▸ DESCRIPTION OF THE TASK
For the entries below, the expected answer is the line with "Yellow Five-pointed Star Fractions 2:2", the line with "URUGUAY P.28a-6362 1", and every line between them, exactly as written, and nothing more.

▸ EXTRACTED ENTRIES
* * *

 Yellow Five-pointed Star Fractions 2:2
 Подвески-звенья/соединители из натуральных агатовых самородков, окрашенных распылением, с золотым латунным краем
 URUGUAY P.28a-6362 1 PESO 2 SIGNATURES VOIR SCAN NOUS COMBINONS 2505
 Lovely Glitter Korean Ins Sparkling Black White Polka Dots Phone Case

* * *

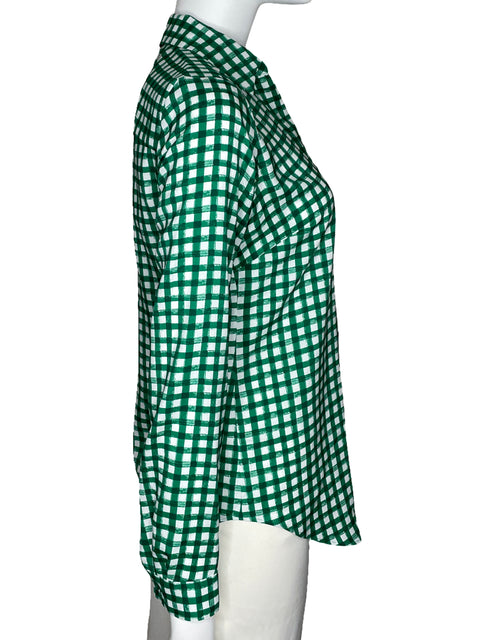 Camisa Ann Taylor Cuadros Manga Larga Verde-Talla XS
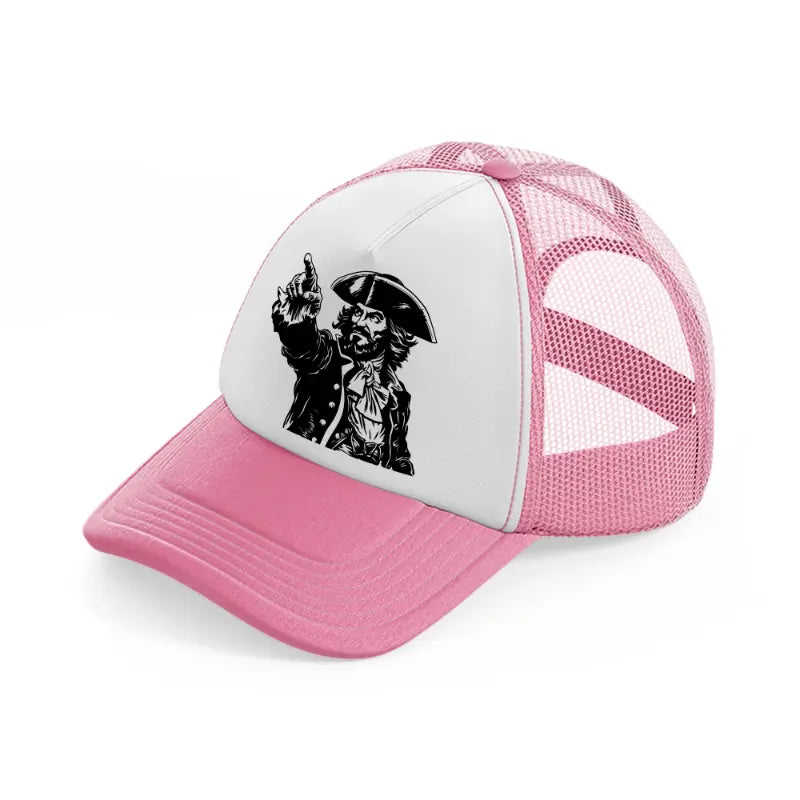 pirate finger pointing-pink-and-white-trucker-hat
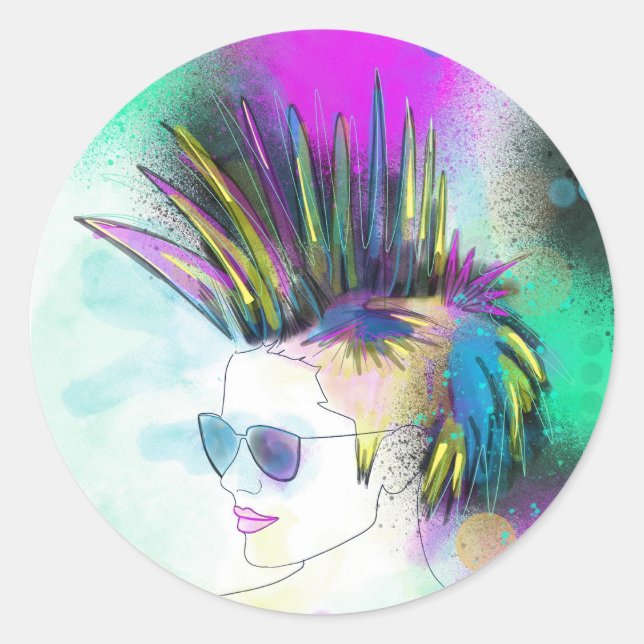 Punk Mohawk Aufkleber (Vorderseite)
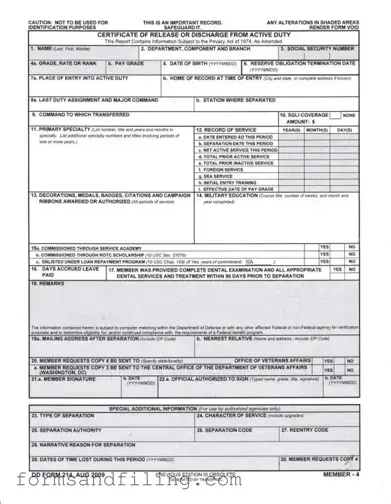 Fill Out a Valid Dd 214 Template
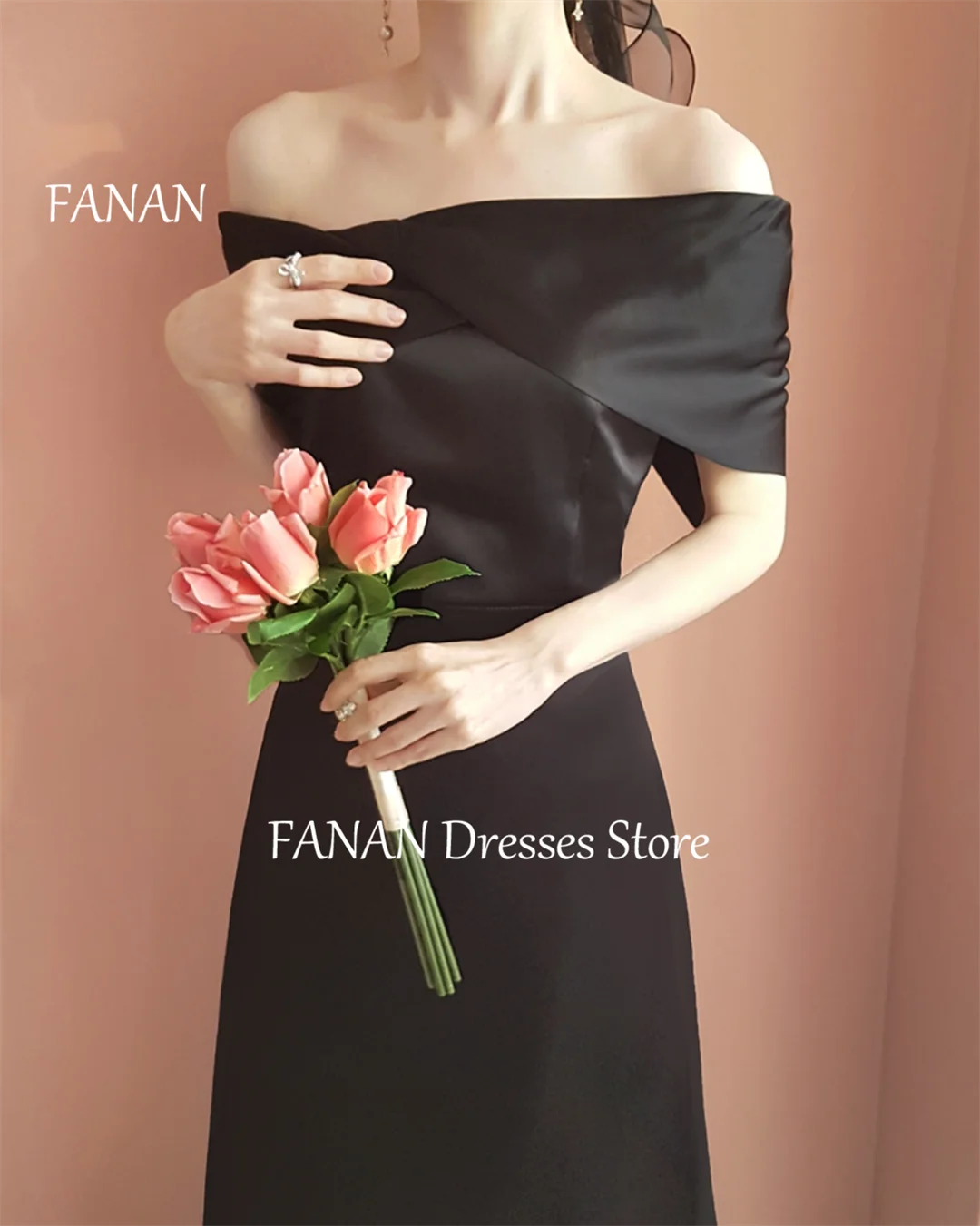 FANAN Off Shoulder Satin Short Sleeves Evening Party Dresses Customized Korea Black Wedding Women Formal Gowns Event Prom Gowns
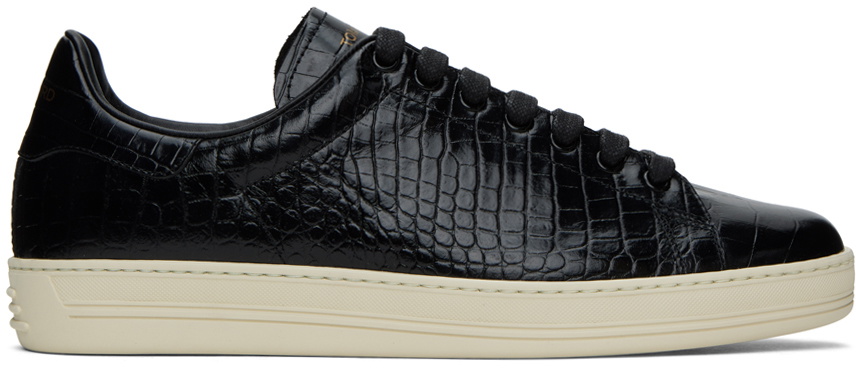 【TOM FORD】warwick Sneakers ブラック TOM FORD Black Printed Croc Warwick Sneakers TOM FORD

* * *

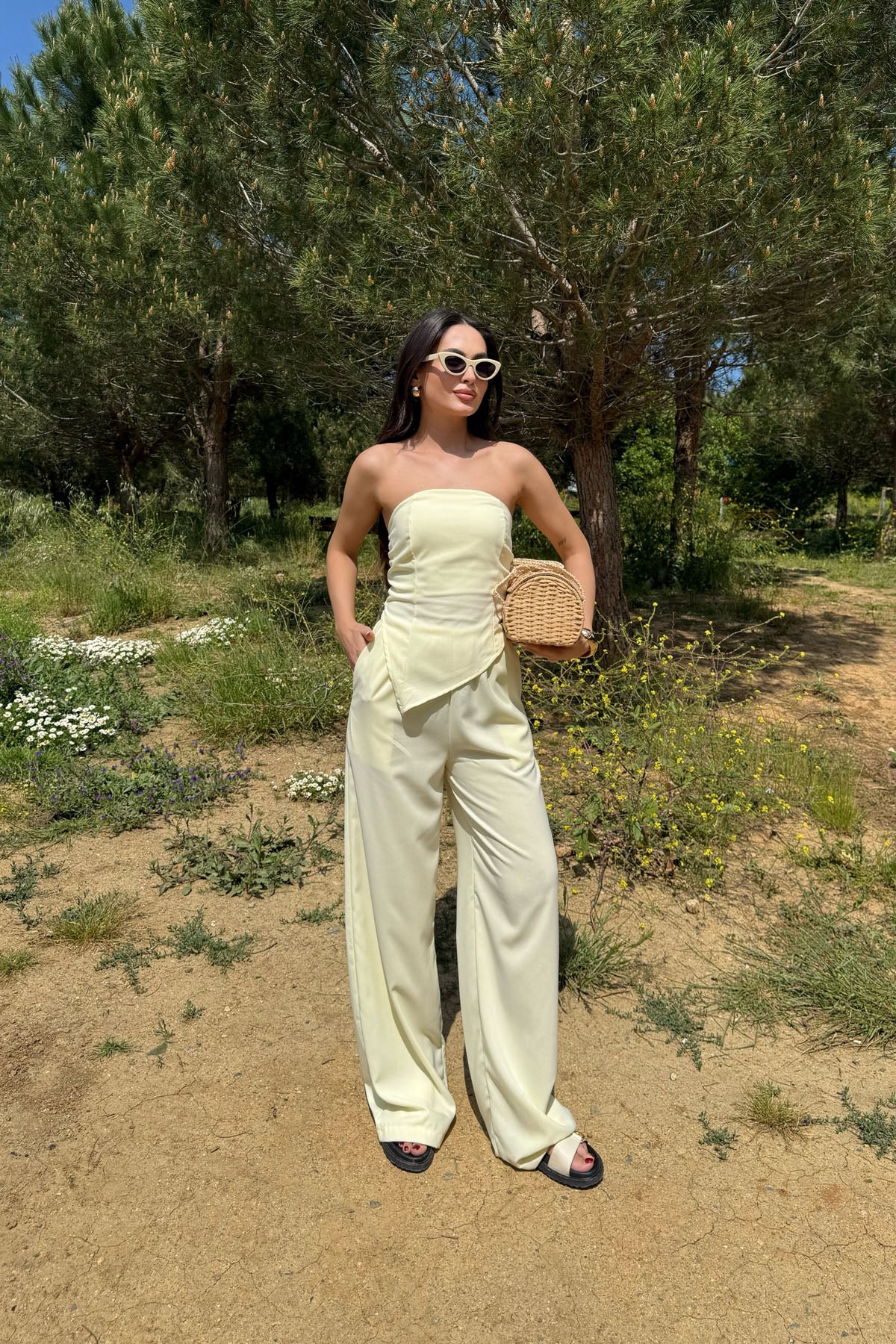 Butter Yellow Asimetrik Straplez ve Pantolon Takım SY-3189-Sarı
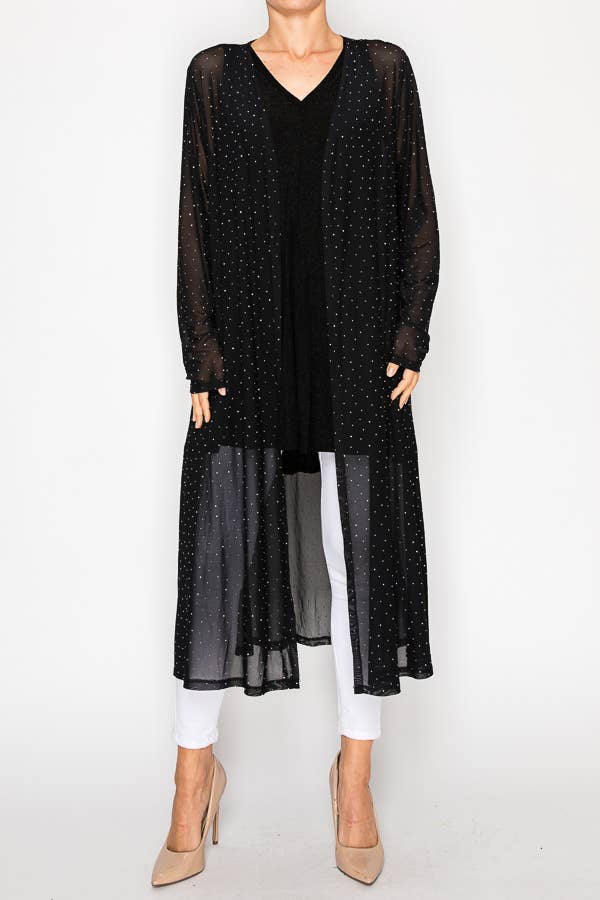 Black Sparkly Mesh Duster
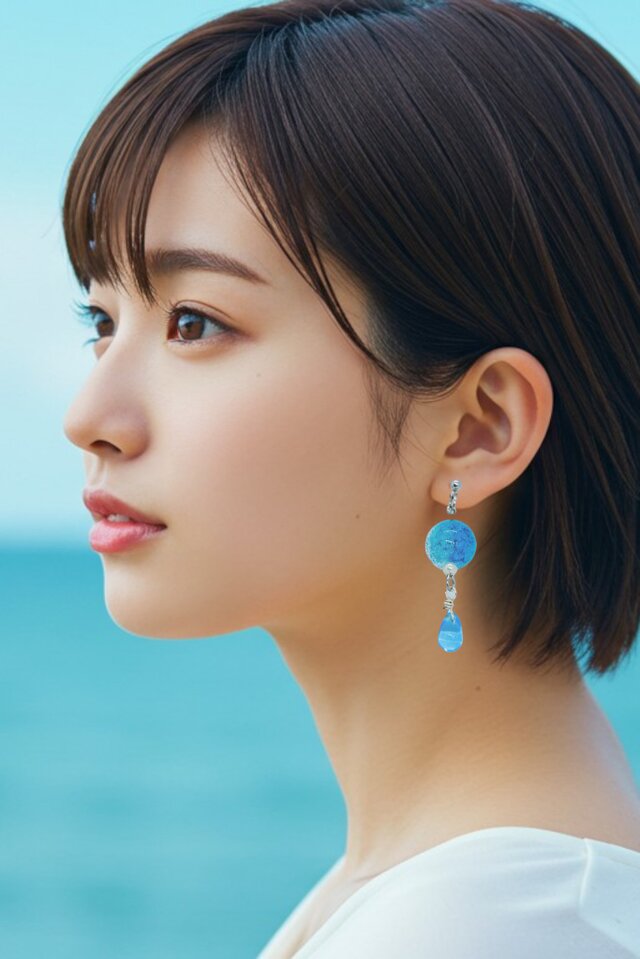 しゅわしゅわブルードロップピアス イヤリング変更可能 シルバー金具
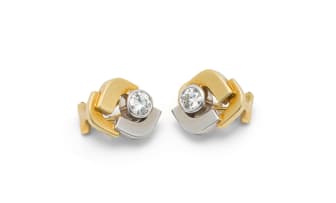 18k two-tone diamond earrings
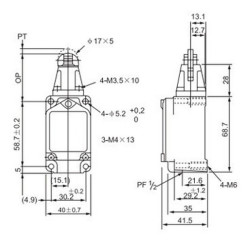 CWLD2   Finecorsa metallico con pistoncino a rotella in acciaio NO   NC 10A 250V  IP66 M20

* * *

▸ ANSWER TO THIS EXERCISE
 Yellow Five-pointed Star Fractions 2:2
 Подвески-звенья/соединители из натуральных агатовых самородков, окрашенных распылением, с золотым латунным краем
 URUGUAY P.28a-6362 1 PESO 2 SIGNATURES VOIR SCAN NOUS COMBINONS 2505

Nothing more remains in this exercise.